I once sat there while two people I know were having a pretty almighty row. One of them had made quite a bit of a blunder and hurt the other person’s feelings, but (and don’t we all do this?) refused to admit they were in the wrong. They were not backing down; they were listing all the (irrelevant) things that were wrong with the other person to distract from what was happening right now, they were arguing their side tooth and nail rather than just apologising and fixing what they broke. Tensions were high, alcohol was involved, and it was just not the context in which a decent resolution was going to occur.
But eventually things wound down, the heated debate simmered and this person – who still hadn’t apologised to the other – noticed that I, an uninvolved bystander, was upset by what was happening. The actual argument had precious little to do with me, but as a human I am pathetically unable to cope with any and all types of conflict. Even the slightest hint of negativity or criticism – whether or not it is aimed at me – does something to me that I can’t quite explain, and more often than not I end up bursting into tears. It’s one of my least favourite things about myself and I genuinely wish I could help it, but crying at conflict is a pretty standard, albeit irritating, behaviour for me.
So this person – the one who was in the wrong – saw I was crying, put their arm around me and said something that did not make it better in the slightest: “I’m sorry I upset you.” Now, I’m not saying they didn’t mean it – I’m absolutely sure they did – but that wasn’t the point. They weren’t saying sorry for what they did to the other person, they weren’t saying they wouldn’t do it again or they would try to do better next time. They were saying, “I’m sorry that you got upset by this.” They hadn’t recognised the behaviour that had led to this situation (and therefore learned what to avoid next time); they had just recognised that a bad situation was happening, and they probably owed someone an apology.

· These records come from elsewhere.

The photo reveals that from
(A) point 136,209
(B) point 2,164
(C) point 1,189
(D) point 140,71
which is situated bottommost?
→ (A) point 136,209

But then it hit me like a tonne of bricks: I do that. I mess up and refuse to admit it, because it’s easier to breeze past it than have an awkward conversation. I say, “I’m sorry you feel that way, but…” I apologise to God because I know He’s not happy with the things I’ve done, rather than personally being sorry for doing them because I know they’re wrong. Let’s take gossiping, for example. I cannot keep a secret to save my life (this blog is putting me on quite the pedestal, isn’t it?) It’s not malicious; my brain just makes connections if a person’s name is mentioned and goes, “I know a story about that person!” And before I know it, I’ve shared some fairly juicy gossip that I definitely shouldn’t have. Do I wish I could untell that secret? Yes. Do I apologise to God or the person involved for being such a rubbish friend? Sometimes. Do I mean it? Yes and no.
If I’m being really honest with myself, I’ve made very little effort to change my attitude towards sharing secrets. I’ve told new friends, “Oh, don’t tell me anything – I’m terrible with secrets” and left it to their discretion. My friends know they have to sit me down and look me dead in the eye and say, “Now, Chloe, this is a secret. You are really not allowed to tell anyone, OK?” But have I actively tried to change my behaviour? No. An awful part of me loves being the one with the good gossip, and thinks it up to me to judge whether or not a secret is serious enough to keep. Even though I know objectively gossiping is wrong, in all honesty I really only say sorry to God because I know He isn’t a fan of it. I say to God, “Sorry I upset you,” instead of “I know I did something wrong here. With your help, I want to do better next time.”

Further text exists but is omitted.